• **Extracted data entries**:
○ ○ ○ ○ ○

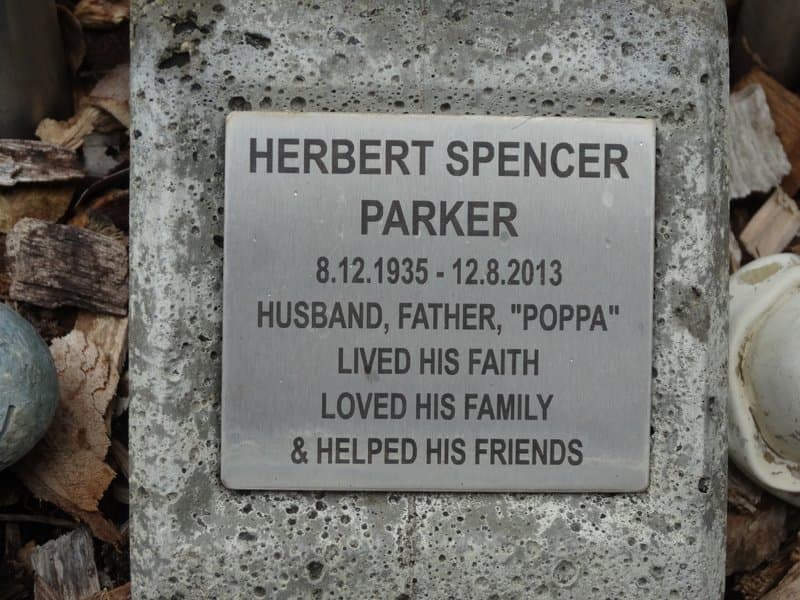 Herbert Spencer PARKER gravestone photograph 1
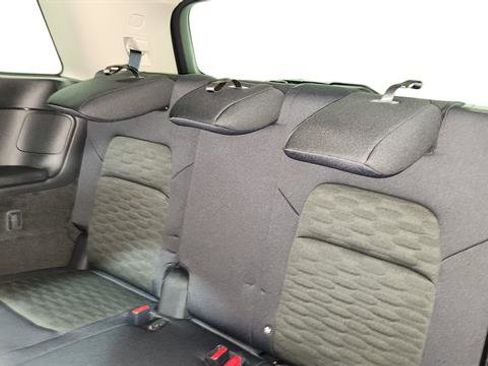 New 2025 Nissan Pathfinder SV image 22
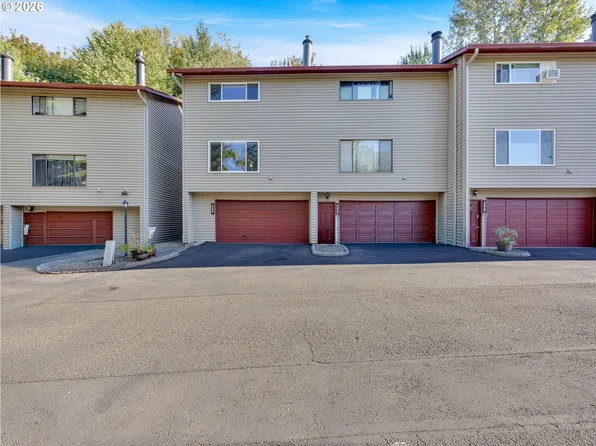 24046 NE Treehill Dr, Troutdale, OR 97060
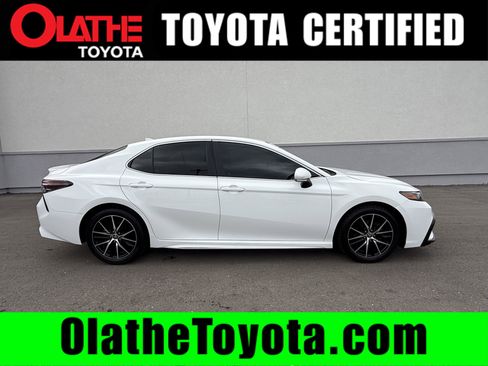 Certified 2022 Toyota Camry SE image 1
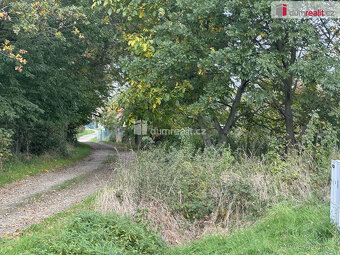 D1 exit 15 výhradní prodej většího stavebního pozemku 1.630  - 4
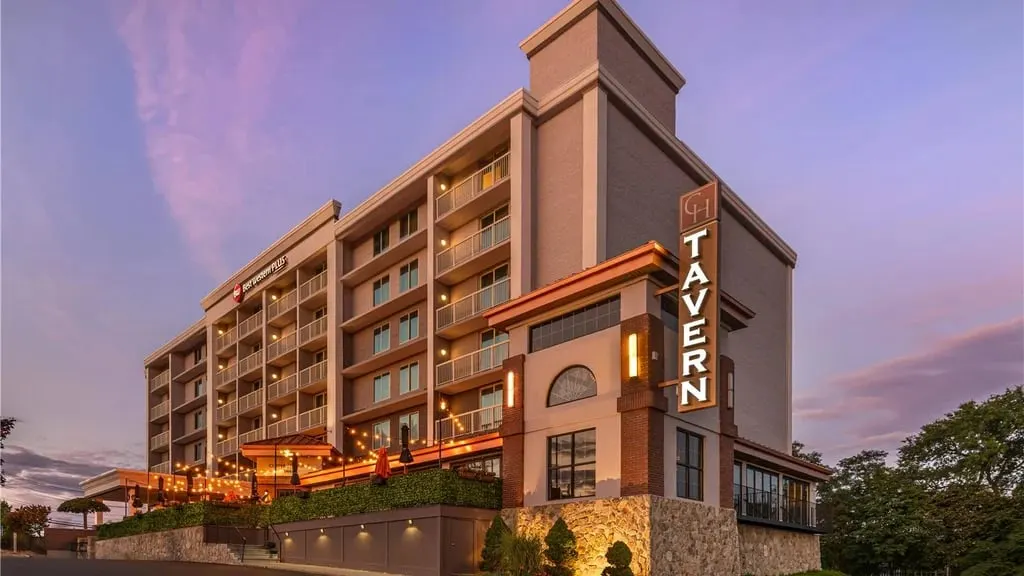 Best Western Plus Waltham Boston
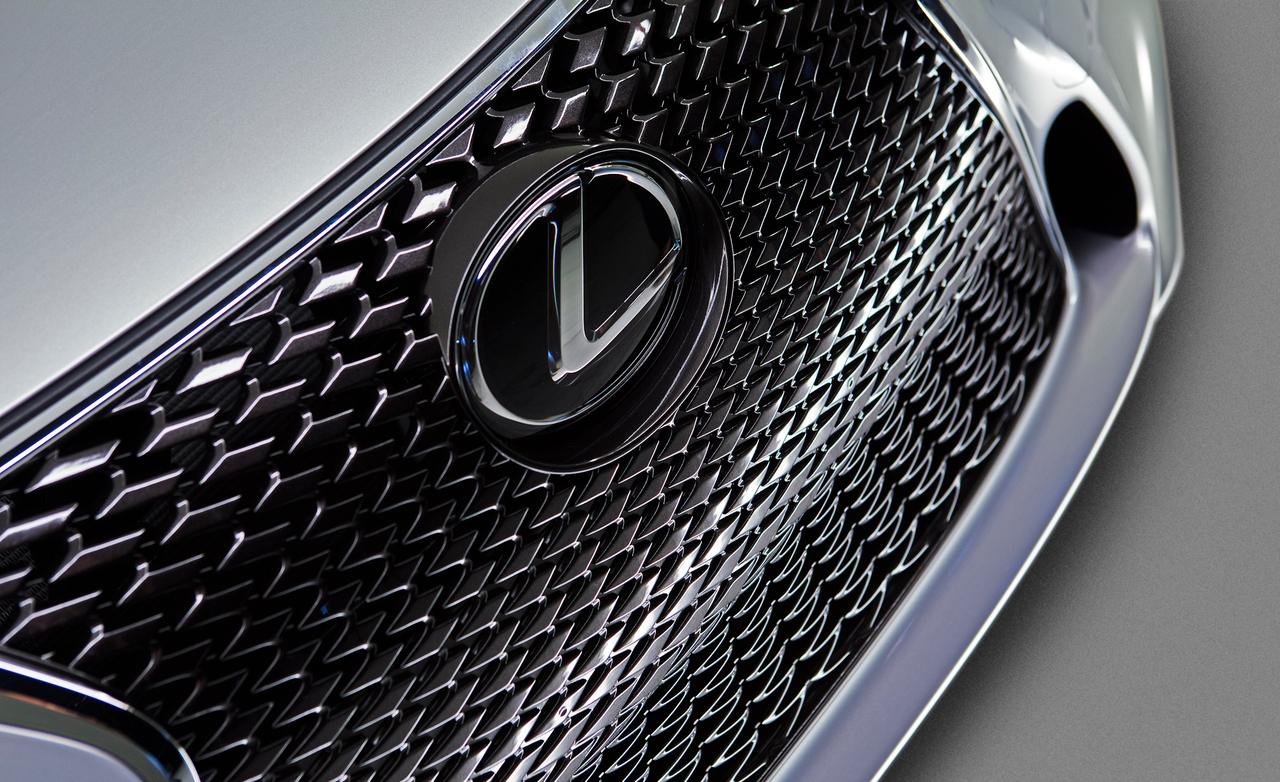 LexusGrille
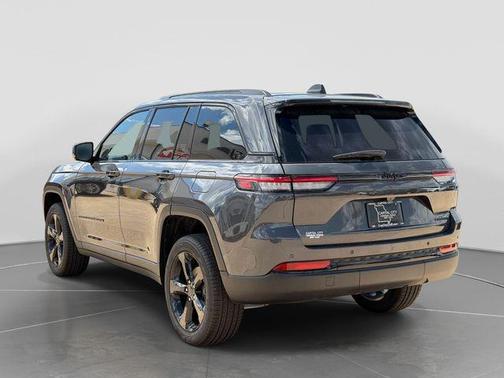 Baltic Gray Metallic Clearcoat 2025 Jeep Grand Cherokee Limited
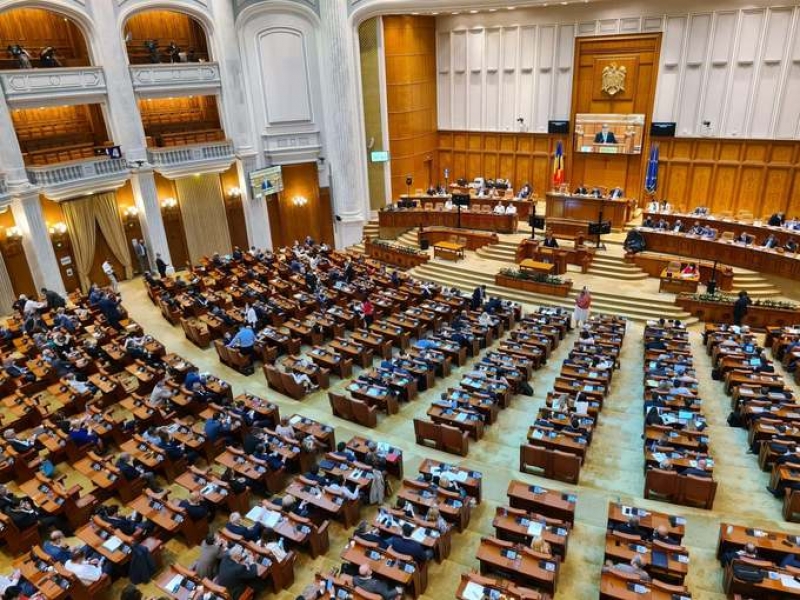 Şedinţa Parlamentului pentru desemnarea funcţiilor la BNR, ASF şi CNA – postponată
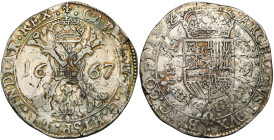 VLAANDEREN, Graafschap, Karel II (1665-1700), AR patagon, 1667, Brugge. Vz/ Gekroond stokkenkruis met een vuurijzer tussen het jaartal en het juweel v...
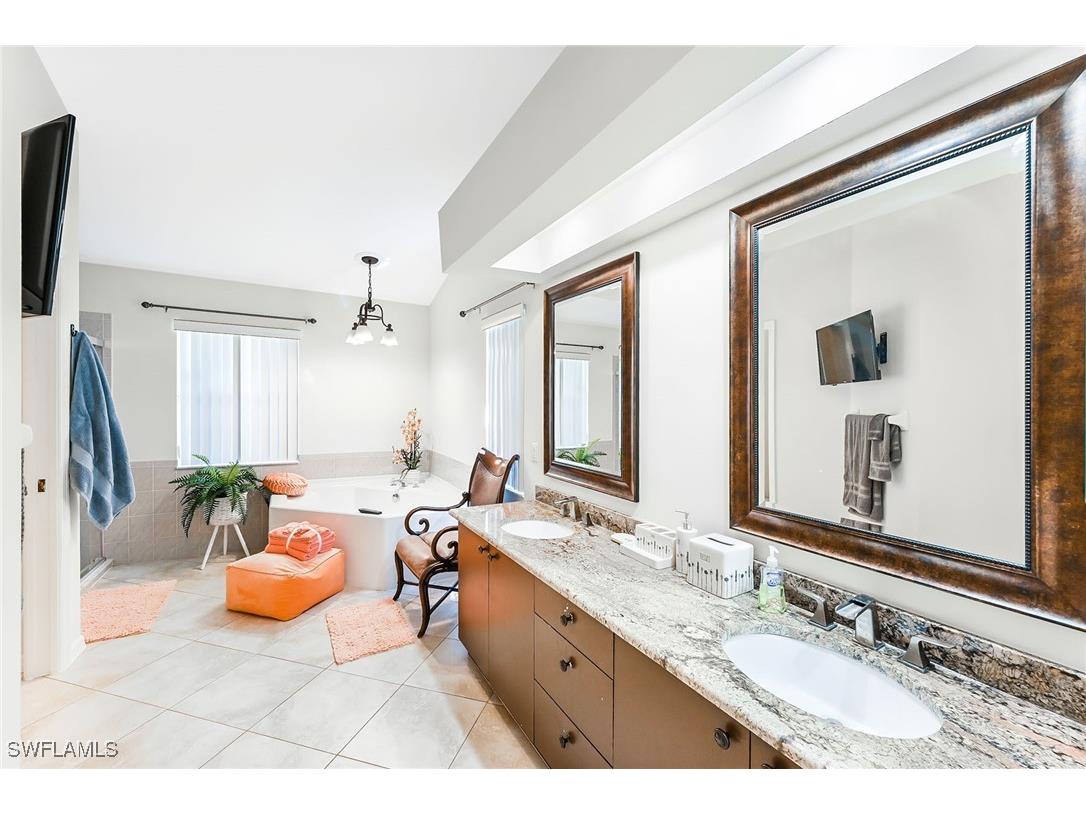 589 Lambton Lane Naples FL 34104 225067334 image14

○ ○ ○ ○ ○

• **Directions for this task**: From the line that holds "Best Western Plus Waltham Boston" to the last line of the records, please copy each line exactly and nothing else. Pictures stay out.

• **Your response**:
 Best Western Plus Waltham Boston
 LexusGrille
 Baltic Gray Metallic Clearcoat 2025 Jeep Grand Cherokee Limited
 Şedinţa Parlamentului pentru desemnarea funcţiilor la BNR, ASF şi CNA – postponată
 VLAANDEREN, Graafschap, Karel II (1665-1700), AR patagon, 1667, Brugge. Vz/ Gekroond stokkenkruis met een vuurijzer tussen het jaartal en het juweel v...
 589 Lambton Lane Naples FL 34104 225067334 image14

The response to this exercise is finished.